TIGER Woods eased concerns he would miss the first Masters of his career by coming through 18 holes of an exhibition event yesterday, just eight days after an Achilles injury forced his withdrawal from the WGC Cadillac Championship.
Not only did Woods survive the opening round of the Tavistock Cup in Florida, but he showed no sign of a limp and, partnering England's Justin Rose in a better-ball format, played with distinction.
"I did the smart and prudent thing this time, hence I'm back in a week," said the 36-year-old who quit in Doral with seven holes of his final round remaining. "I've played through pain before and set myself back. Last year, I missed two majors because of it. I want to be ready for Augusta."
Following the denouement of the mega-bucks event at Lake Nona today, Woods plans to tee it up in the Arnold Palmer Invitational which starts at nearby Bay Hill on Thursday and then take next week off before travelling to Georgia on a mission to win his first major in four years. The game will be relieved to have him in the field, regardless of the latest "revelations" to leak out from Hank Haney's forthcoming book about their six years together.
His former coach claimed 'The Big Miss' would concentrate on golf, but American newspapers have been awash with snippets. Woods is depicted as cold and mean.
Haney claims Woods, who was furious when he discovered the book was being written, disliked some of his rivals and went as far as naming them. Ian Poulter is supposedly one of these, as is Phil Mickelson.
Already, The Big Miss, to be published next week to coincide with the Masters, has caused plenty of discomfort for Woods, who has become tetchy when asked about it.

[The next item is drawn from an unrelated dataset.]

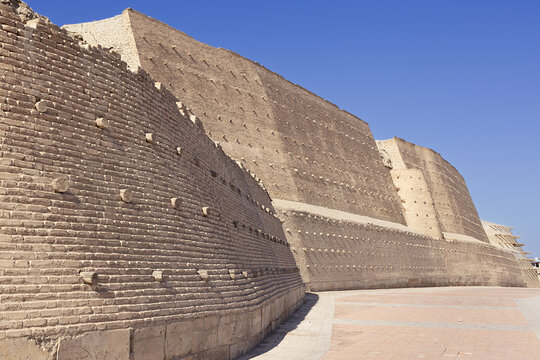 Massive fortress wall of the Ark of Bukhara with mud-brick construction and wooden beam supports under clear blue sky. Historic citadel architecture ideal for travel publications and heritage.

Haney also says that during the 2006 Ryder Cup, Woods turned on the adult channel when he was sharing a room with his team-mate Zach Johnson. Haney says Woods thought the reaction of Johnson, a devout Christian, was funny.
"It was so funny watching him acting like everything was normal," Woods told Haney.
"I got him pretty good."
In the book, Haney wrote that Woods would make others pick up the tab for takeout orders and would leave a restaurant abruptly when he had finished eating, regardless of whether his dining companions had finished.
"When he was done - and he habitually ate fast - you were done," Haney wrote, adding that Woods "seemed to think it was funny to be cheap."
Haney worked with Woods from 2004 until May 2010 when he quit via text message.
Woods' agent, Mark Steinberg, inferred the timing of the book's release, just ahead of the Masters, revealed Haney's true colours.
"The disruptive timing of this book shows that Haney's self-promotion is more important to him than any other person or tournament," Steinberg said.